Au Synhorcat, on pense que la France à
la présidence de l'Europe va sans aucun doute marquer un changement de style.
Son président Didier Chenet en est convaincu : "Bien sûr que
certains dossiers vont pouvoir aboutir. Même si le calendrier n'est pas du
fait français. Compte tenu de la personnalité de Nicolas Sarkozy et
d'autres éléments, comme le non de l'Irlande, cela va amener l'Europe
à prendre davantage en compte la réalité quotidienne des Européens.
Notre président est tout à fait capable de mettre les points sur les
i. Il peut répondre aux différents soubresauts économiques sans s'arque
bouter derrière les grands principes qu'on nous rabâche régulièrement.
Ce qui est favorable à la baisse de TVA en restauration.

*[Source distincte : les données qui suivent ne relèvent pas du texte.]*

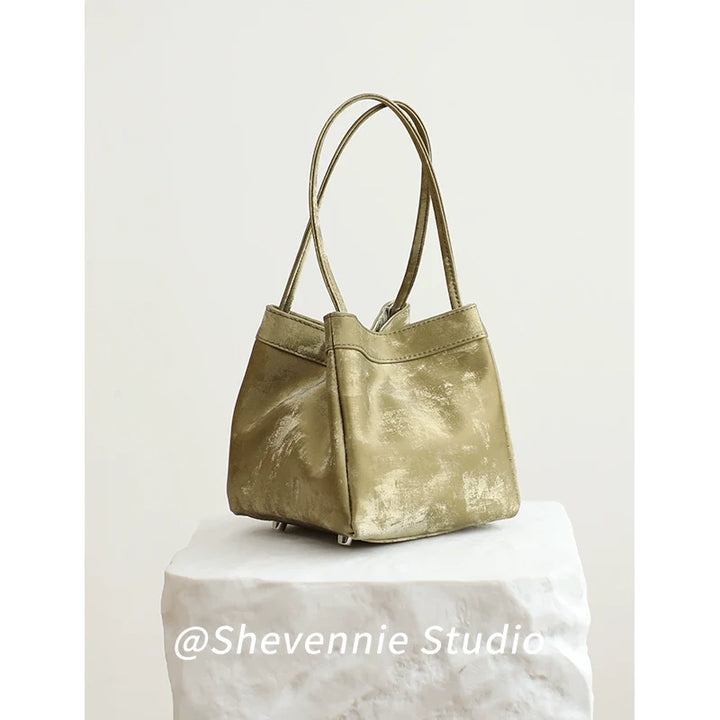 Silk Leather Bucket Bag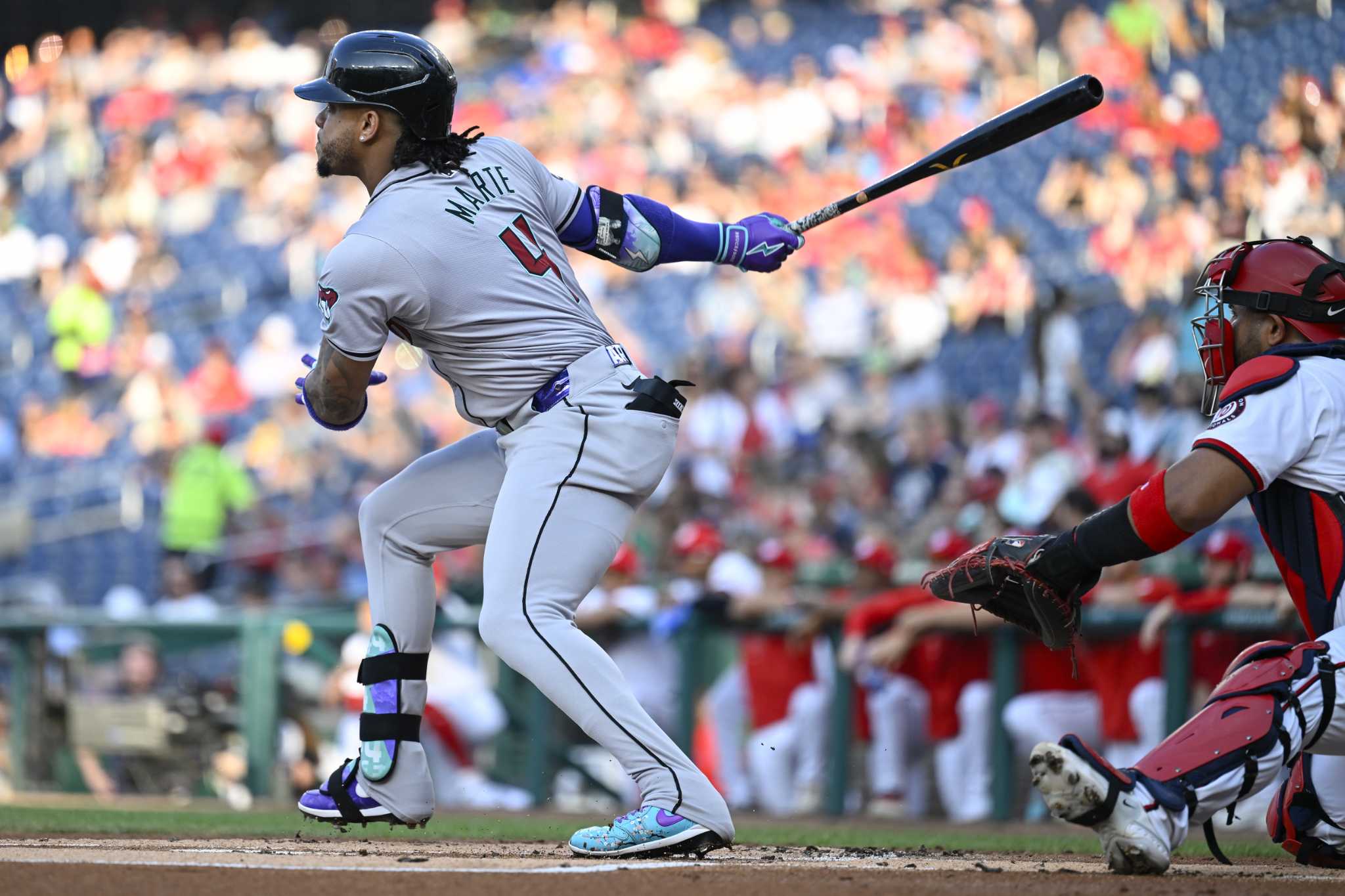 Marte homers and Cecconi pitches 6 innings to lead Diamondbacks past Nationals 5-0 in series opener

Néanmoins,
nous devons être acteurs de l'Europe, et nous avons les moyens de l'être."
Projet Erasmus pour les apprentis
Le syndicat de la rue de
Gramont est porteur en France du projet Erasmus pour les apprentis. L'idée
? Qu'ils bénéficient également de ce programme qui permet aux étudiants
d'effectuer une partie de leurs études au-delà de leurs frontières.
Dans le sillage, les 2 et 3 octobre prochains, à l'initiative de la France,
le palais omnisport de Paris Bercy va accueillir 10 000 apprentis européens,
dont 1 500 en provenance du circuit CHR. Un hommage à la filière en
forme de show, au cours duquel le Synhorcat, par l'intermédiaire notamment
du CFA-Médéric, avec la collaboration des autres centres d'apprentissage
d'Île-de-France, souhaite placer le jeune professionnel au centre des préoccupations
européennes. Nicolas Sarkozy a confirmé sa présence en clôture
le vendredi. Un coup de projecteur soutenu par tous les professionnels, évidemment.
"L'Europe est un atout majeur pour la France. On ne peut plus vivre ni même
penser qu'on peut rester en autarcie. Voyons, on est content de vendre des voitures
à l'étranger. Nous, dans la restauration et l'hôtellerie, notre
façon d'exporter, c'est de promettre puis de tenir un art de vivre. Il faut
seulement qu'en face, ça avance avec cohérence", termine Jean-François
Girault. En filigrane, la nécessité d'obtenir la baisse de la TVA pour
les restaurateurs. Même conclusion pour Jacques Jond, à une nuance
près : "Cessons de nous focaliser sur un taux fixé à 5,5 % et
ne parlons pas de taux moyen pour l'ensemble des métiers. Ce qu'il faut, c'est
obtenir un taux réduit en restauration parce que le taux actuel est excessif
et que ce secteur a besoin d'un ballon d'oxygène." Didier Chenet souligne
d'ailleurs que six mois de présidence, "c'est très court", et qu'il
"existe de nombreux autres chantiers à mettre en oeuvre, comme la législation
contre le tabac ou la vente d'alcool aux moins de 18 ans".